X.________, né le ********, est
titulaire du permis de conduire français. L’extrait du fichier des mesures
administratives versé au dossier ne contient aucune inscription à son sujet.
B.
Le mercredi 30 mai 2007, à 05h03, X.________
a traversé le village de Chessel en direction de Noville au volant de son
véhicule immatriculé 1********(F). Au droit du cimetière, à l'intérieur du
village, sa vitesse a été mesurée à 89 km/h. La mesure a été effectuée par un
appareil Multanova 6F numérique. Après déduction d'une marge d'erreur de 5km/h,
la police cantonale a retenu que X.________ circulait à 84 km/h, soit un
dépassement de 34 km/h par rapport à la vitesse maximale de 50km/h autorisée à
l'intérieur de la localité (cf. rapport de police du 1er juin 2007).
C.
Le 3 septembre 2007, le Service des
automobiles et de la navigation (SAN) a informé X.________ de l'ouverture d'une
procédure administrative, en l'informant qu'il envisageait de prononcer une
mesure de retrait du permis de conduire à son encontre en raison des événements
survenus le 30 mai 2007. L'intéressé n'a pas répondu à ce courrier.
D.
Par décision du 4 octobre 2007, le
SAN a prononcé un retrait du permis de conduire pour une durée de trois mois.
E.
Le 26 octobre 2007, X.________ a
recouru contre cette décision auprès du tribunal administratif (actuellement la
Cour du droit administratif et public du Tribunal cantonal) en demandant que la
durée du retrait soit réduite. Sans contester l’excès de vitesse, il invoque le
besoin qu'il a de son véhicule pour respecter l'horaire de début de son travail.
F.
Le SAN a répondu le 11 décembre 2007
en concluant au rejet du recours et au maintien de sa décision.
G.
Par décision du 11 décembre 2007,
l'effet suspensif a été refusé au recours.
H.
L'avance de frais requise a été
effectuée en temps utile.
I.
Aucune des parties n'ayant requis de
complément d'instruction ou la tenue d'une audience, le Tribunal administratif
a statué sans débat, par voie de circulation.
Considérants
1.
Déposé dans le délai de vingt jours
imparti à l’art. 31 al. 1, 1ère phrase, de la loi vaudoise du 18
décembre 1989 sur la juridiction et la procédure administratives
(ci-après : LJPA ; RSV 173.36), le recours est intervenu en temps
utile.
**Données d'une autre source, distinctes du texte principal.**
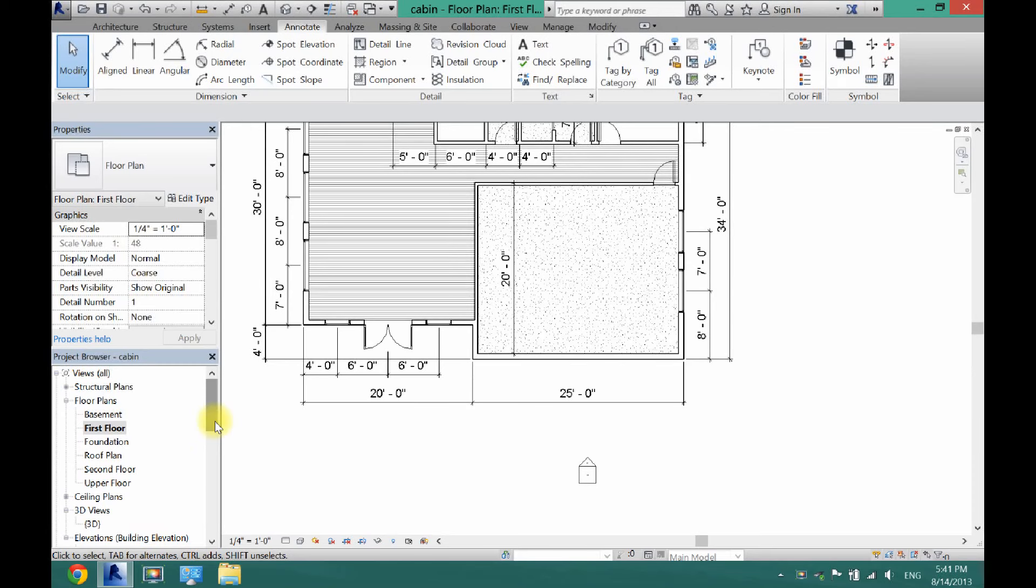What's up guys? David here. Today I'm going to show you how to add a level to your house in Revit architecture.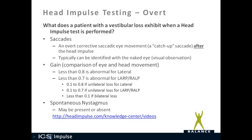A gain of 0.1 to 0.8 for lateral and 0.1 to 0.7 for LARP and RALP is typical of a unilateral loss. With a bilateral loss, the gain will typically be less than 0.1 for both the right and left sides. Spontaneous nystagmus may be present or absent.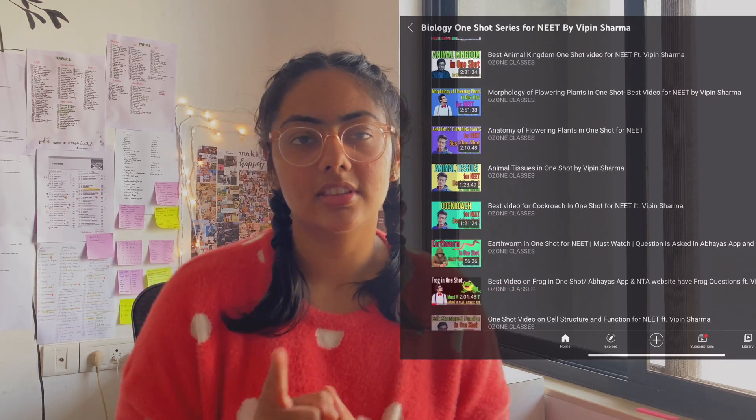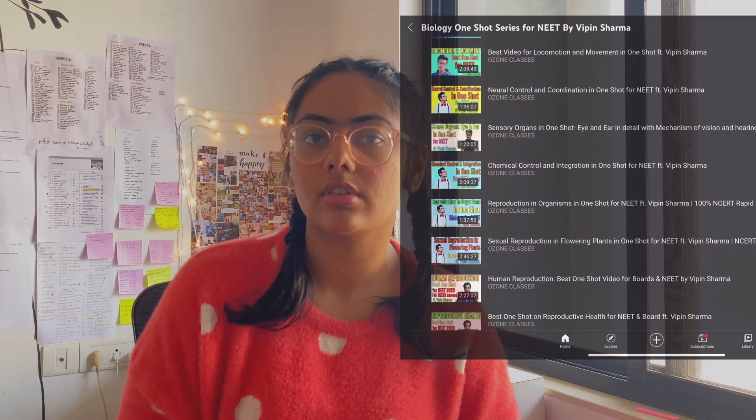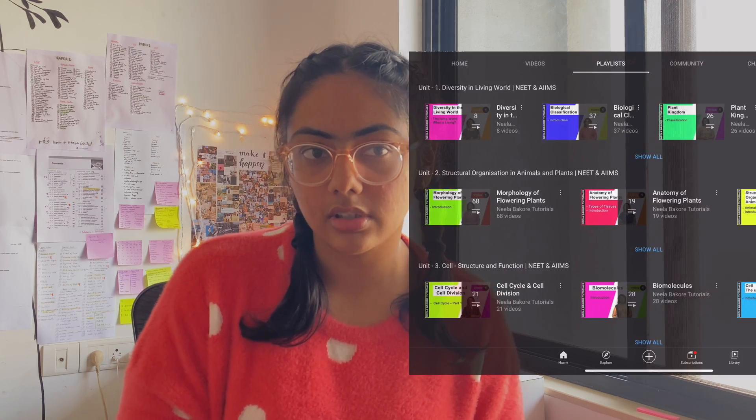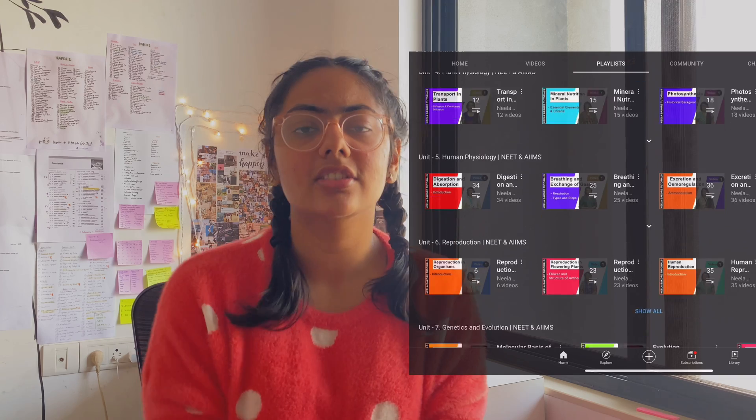If you want extra things, there's also Vipin sir's biology — that was awesome for learning the extra content needed for an edge. I also watched Dr. Neeta Bakone's videos, and the way she explained things was amazing. I understood everything and, most importantly, I remembered it.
Il est au surplus recevable en la forme.
2.
Aux termes de l’art. 45 al. 1, 1ère
phrase de l'Ordonnance du 27 octobre 1976 réglant l'admission à la circulation
routière (OAC; RS 741.51), l’usage d’un permis étranger peut être interdit en
vertu des dispositions qui s’appliquent au retrait du permis de conduire
suisse.
3.
a) En matière d'infractions aux
règles de la circulation routière, la loi fédérale du 19 décembre 1958 sur la
circulation routière (LCR, RS. 741.01) fait la distinction entre les cas de peu
de gravité (art. 16a LCR), les cas de gravité moyenne (art. 16b LCR) et les cas
graves (art. 16c LCR).
aa) Commet une infraction légère la
personne qui, en violant les règles de la circulation routière, met légèrement
en danger la sécurité d’autrui et à laquelle seule une faute bénigne peut être
imputée (art. 16a al. 1 let. a LCR). En cas d’infraction particulièrement
légère, il est renoncé à toute mesure administrative (art. 16a al. 4 LCR). Dans
les autres cas, il ne peut être renoncé au retrait du permis du conducteur
fautif au profit d’un avertissement que si, au cours des deux années
précédentes, le permis ne lui a pas été retiré et qu’aucune autre mesure
administrative n’a été prononcée (art. 16a al. 2 et 3 LCR).
bb) Commet une infraction moyennement
grave la personne qui, en violant les règles de la circulation, crée un danger
pour la sécurité d’autrui ou en prend le risque (art. 16b al. 1 let. a
LCR). Dans cette hypothèse, le permis de conduire est retiré pour un mois au
minimum (art. 16b al. 2 let. a LCR).
cc) Commet une infraction grave la
personne qui, en violant gravement les règles de la circulation, met
sérieusement en danger la sécurité d’autrui ou en prend le risque (art. 16c al.
1.
let. a LCR). Dans cette hypothèse, le permis de conduire est retiré pour
trois mois au minimum (art. 16c al. 2 let. a LCR).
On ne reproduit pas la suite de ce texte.